Tim Sullivan tuckerized his friend Gardner Dozois in the phrase "the garden world of Doazwah," in his novel Destiny's End (1988). Michael Swanwick features an appearance by Linda Deck, Director of the Bradbury Science Museum at Los Alamos National Laboratory, in his 2002 novel Bones of the Earth.

Many science fiction and military novelists see their names borrowed in the Axis of Time trilogy (2004-2006) by John Birmingham, and the Lachlan Fox thriller series (2006- ) by James Clancy Phelan.

The British science fiction writer Simon R. Green repeatedly tuckerizes Ansible editor David Langford by killing him off in various grisly ways and then gleefully notifying Ansible about the latest killing. Similarly, the science fiction fan Joe Buckley, who maintains a website dedicated to detailing information about the publications of Baen Books, has been tuckerized in books by a number of Baen authors, including Eric Flint and David Weber, dying a variety of unpleasant deaths. Weber has also tuckerized various other fans and authors, including Flint, Timothy Zahn, and Jordin Kare, even crewing one small spacecraft with a collection of hearts-playing Chattanooga-based science fiction fans. Science fiction scholar Fiona Kelleghan has been tuckerized (sometimes in comically unpleasant ways) by authors whom she wrote about: in Corrupting Dr. Nice by John Kessel, in Galveston by Sean Stewart, in Run by Douglas E. Winter, twice in the WWW Trilogy by Robert J. Sawyer (once as a character under her maiden name, "Feehan", and once as her real-world self), and in Spondulix by Paul Di Filippo.

===In other media===
One notable example of tuckerization outside the world of science fiction is the 1997 film Good Will Hunting. The female lead of the film is named Skylar in honor of the co-writer and star Matt Damon's college girlfriend, Skylar Satenstein (who later married the Metallica drummer Lars Ulrich).

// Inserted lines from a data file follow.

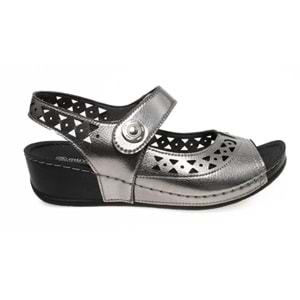 Muya Terra Anatomik Taban Topuklu Kadın Sandalet - Kurşun - 35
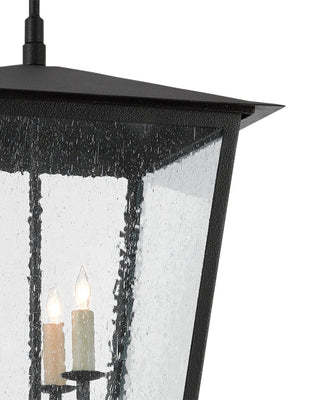 Bening Three Light Outdoor Lantern in Midnight Black/Clear Seeded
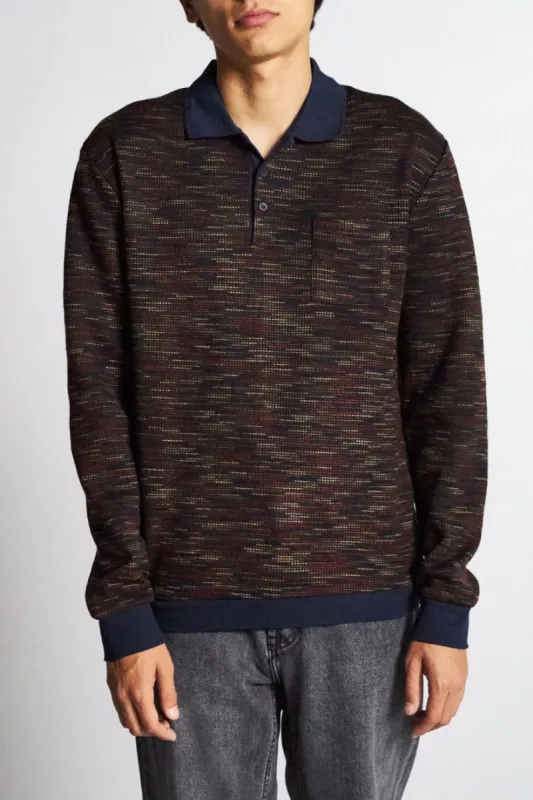 Cypher Polo Sweater - Navy/Maroon sold by Brixton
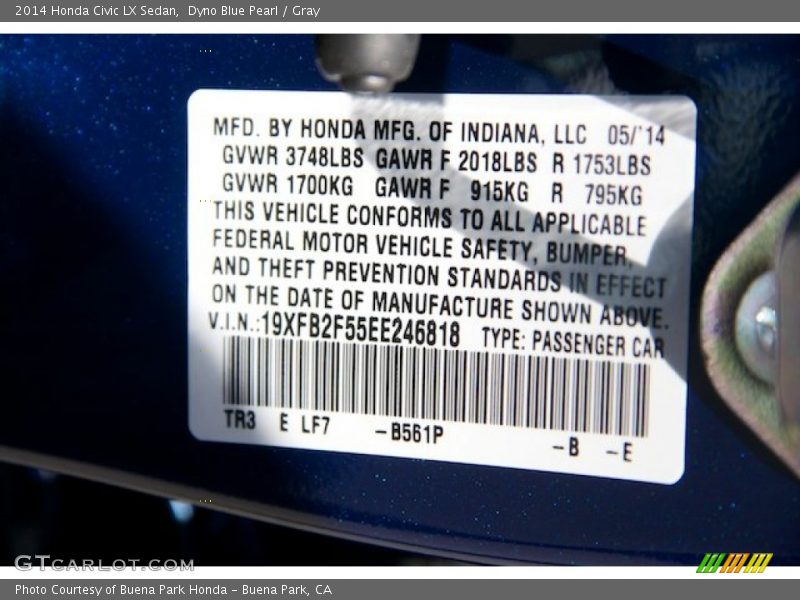 Dyno Blue Pearl / Gray 2014 Honda Civic LX Sedan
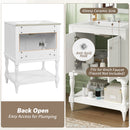 Modern Bathroom Vanity With Sink, Rectangular Cabinet With Open Shelf And Closed Storage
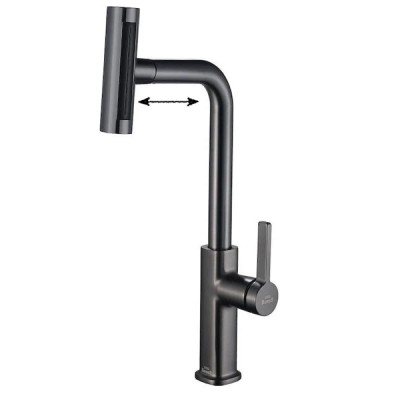 Смеситель для кухни Zorg Steel Hammer SH 092 PVD GRAFIT с вытяжной лейкой, графит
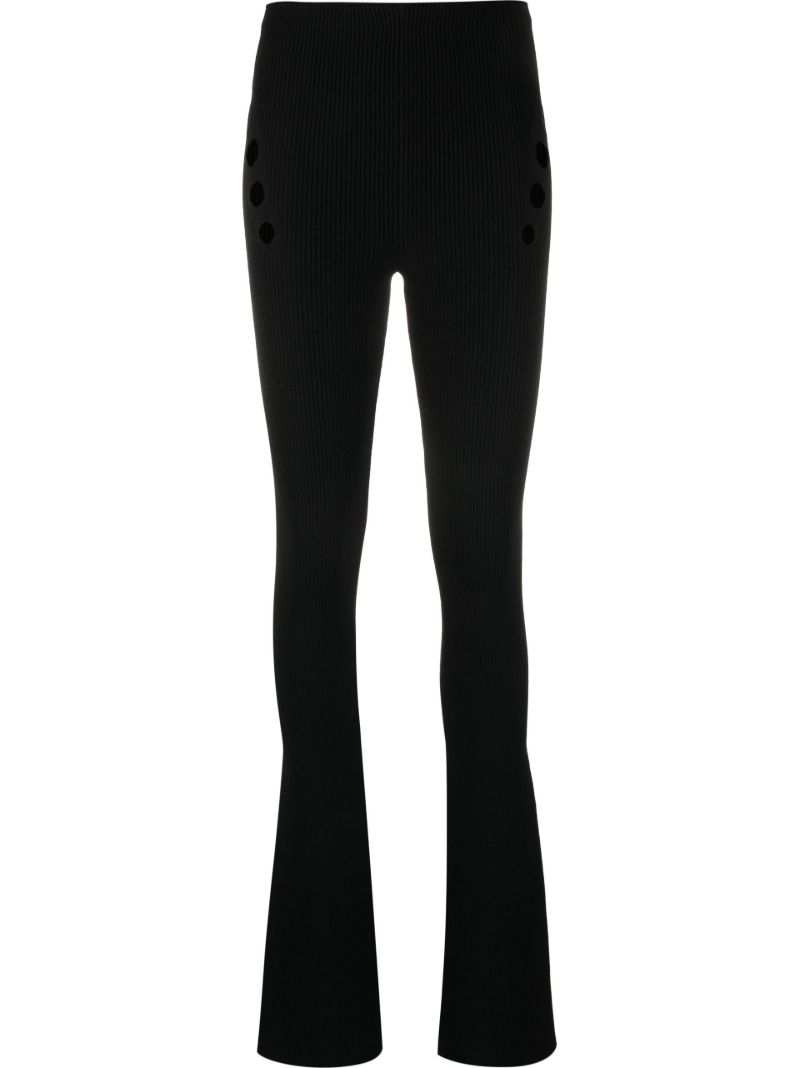 Black the Openworked Knit Trousers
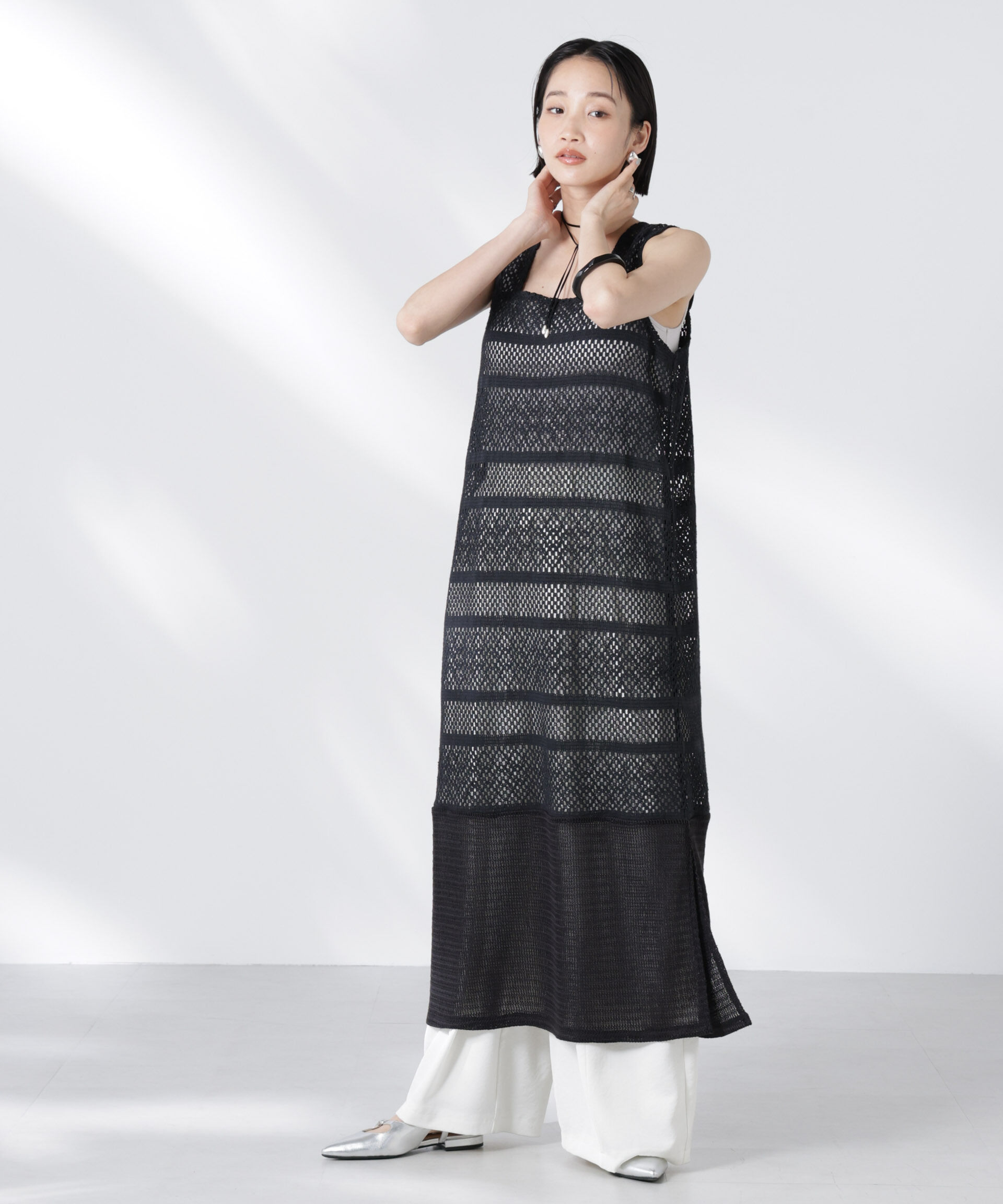 nano･universe「クロシェニット風レースノースリーブワンピース」|ワンピース|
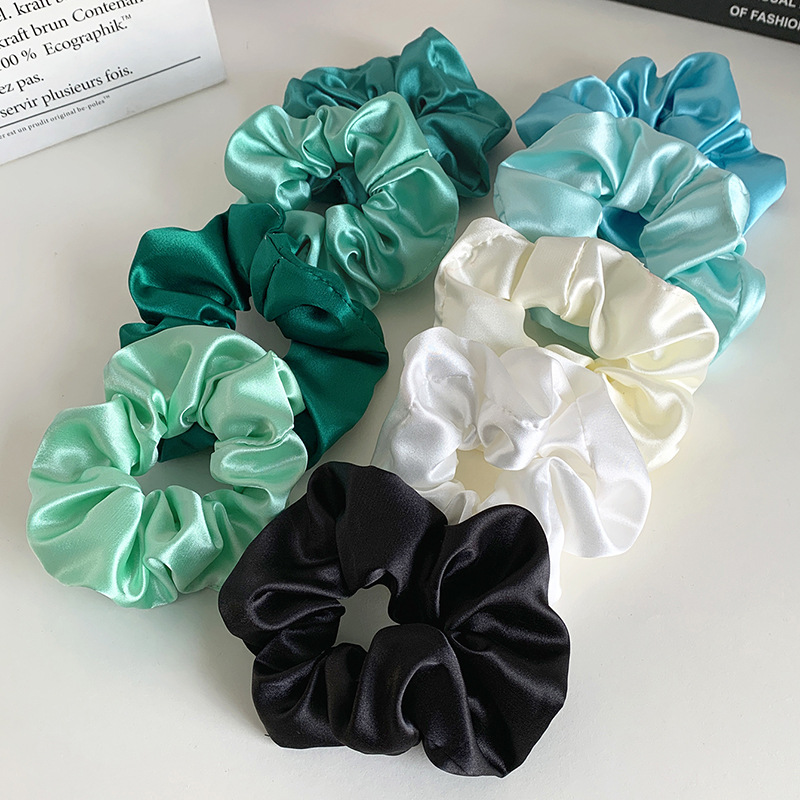 Europe and America Cross Border New Hair Rope Head Rope Hair Ring Solid Color Hair Ring French Scrunchies Large Intestine Ring Hair Accessories for Women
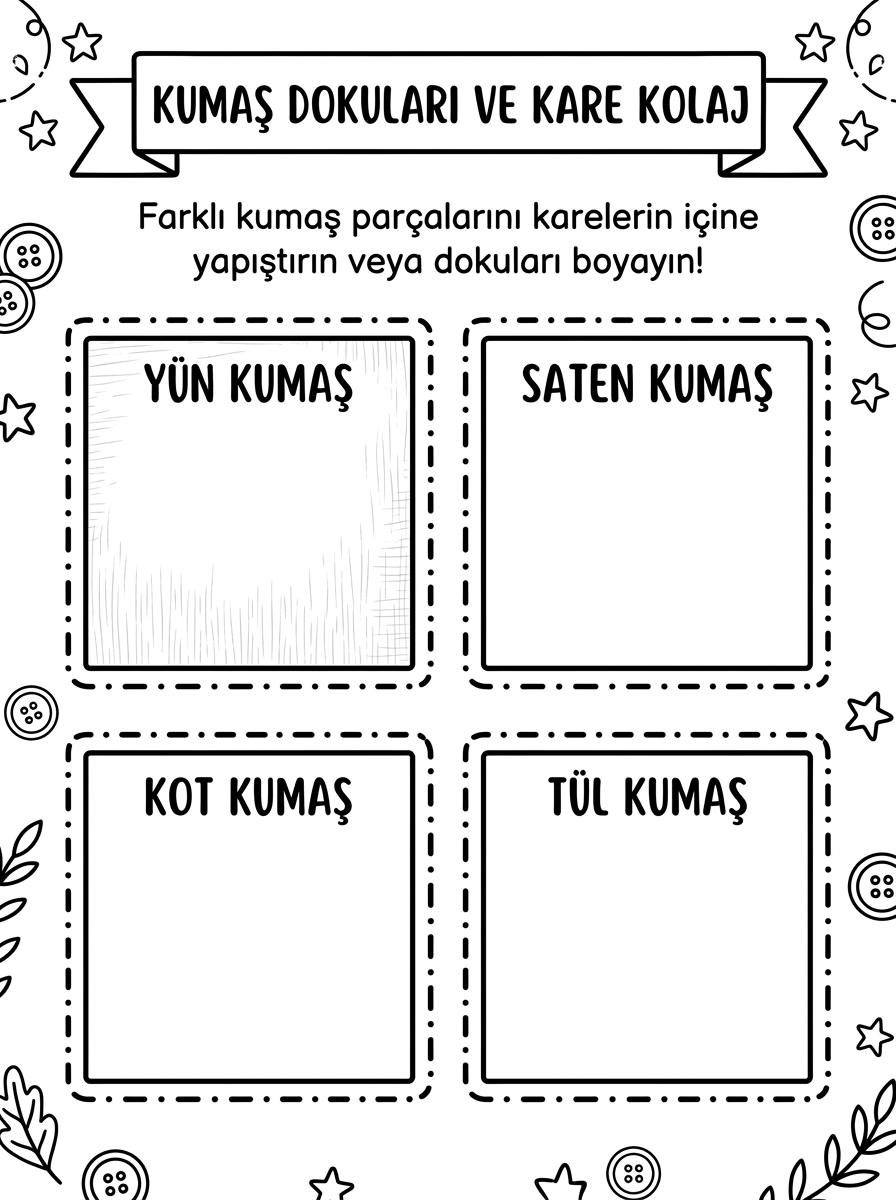 Salyangoz ve Sümüklü Böcek [Kumas Dokulari Ve Kis Uykusu D] – 4 Calisma Kumas Dokulari Ve Kare Kolaj Sablonu (36-48 Ay)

Matt Groening named the members of the Simpson family (apart from Bart) after his parents and sisters. Elsewhere in the world of animation, South Park creators Trey Parker and Matt Stone named Randy and Sharon Marsh and Gerald and Sheila Broflovski after their parents, and Liane Cartman after Parker’s ex-fiancée Lianne Adamo. Parker had also used the name "Liane" for Alferd Packer’s unfaithful horse in his student film Cannibal! The Musical.

The British webseries Eddsworld has also examples of tuckerization. The main character Edd is named after the series creator Edd Gould while his three other friends are named after Gould's real life friends. Tom after Thomas Ridgewell, Matt after Matthew Hargreaves and Tord after Tord Larsson. Edd's enemy and rival Eduardo is named after a Spanish Mario Kart player with whom Gould played. Gould was winning the race when Eduardo suddenly left which led to the character's creation. A supporting female character Laurel is named after Gould's another friend Laurel Dearing.

Some science fiction authors auction off tuckerizations at science fiction conventions with the proceeds going to charity. At one of these, Ken Follett gave his surname to the head of the Discworld Assassins' Guild in Night Watch (2002) by Terry Pratchett.